Page’s turning point was that Texas Deathmatch with Christopher Daniels in January, and it was within the aftermath that he began to see the darkness that shrouded his path. After that it was through his match with Will Ospreay that he course-corrected, and it was Ospreay who helped pull him back from the edge and toward who he once was. This was the truest version of Page, and he is the one who swore he would regain the AEW title and bring it back into the light for everyone — not just himself.
That idealized version of Page is the man who carried the AEW flag proudly, who believed in its mission and what the company could represent. That passion and determination poured out of his heart straight to the mic when he delivered that promo in May, and you believed him. Hangman has an authenticity in his character that is organic; when you look in his eyes you believe his words, and when you hear his words you understand their value.

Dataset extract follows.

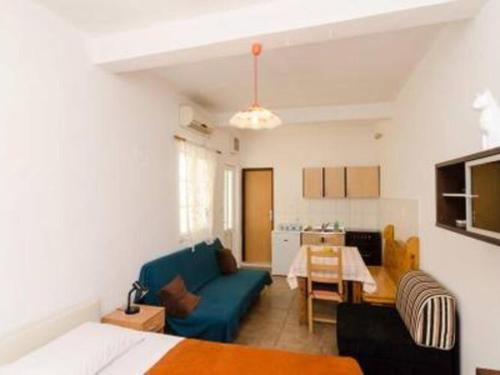 Un pat sau paturi într-o cameră la Apartments Felix Mljet - One Bedroom Apartment with Balcony Marijana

He is not showy, he speaks plainly, keeps his word, and fights for what he believes in because it’s morally right. And how you interpret that is subjective; that in a nutshell is his path. Even at his lowest, you wanted him to pull through because you believed in him despite his tragic fall. It’s why we cheered, and it’s why we rallied behind him once again. That’s why when his original theme boomed over the speakers last night that the crowd erupted; it’s understood what that theme means. That’s secondarily the power of music in pro wrestling.
Hangman Page represents the best of AEW, and that theme is synonymous with him at his best. Where his more Outlaw-centric theme rang dead and reflected who he became, Page’s OG theme is representative of Hangman when he is fueled by purpose and clarity of self. It’s a highlight of what he is capable of, it’s symbolic of someone who can go to their worst enemy and have a conversation with them about letting go of the past and the awful things that were done in the name of ego. Burying the hatchet in the interest of moving forward. We can never forgive nor forget, but we can move forward. Page is our avatar. We may never be the same again, and each day will affect us differently, but that doesn’t mean we need to stand still.
Each person or moment we experience branches who we can be into separate paths and how we choose affects where we’re going. For Page, the end of that road was atonement and understanding with Swerve, and through that he re-discovered who he was, and rose above hate, cynicism and Jon Moxley to become what we always knew he was — someone who was a good person, who worked hard, and always resorted to “Cowboy Shit” when it came to fighting passionately for what he believed in.
The path may never be direct, but the journey defines the unclear destination. For Page that meant rising to his greatest height from his most desolate low, aided by his sworn enemy, to achieve a common goal and passion they both shared.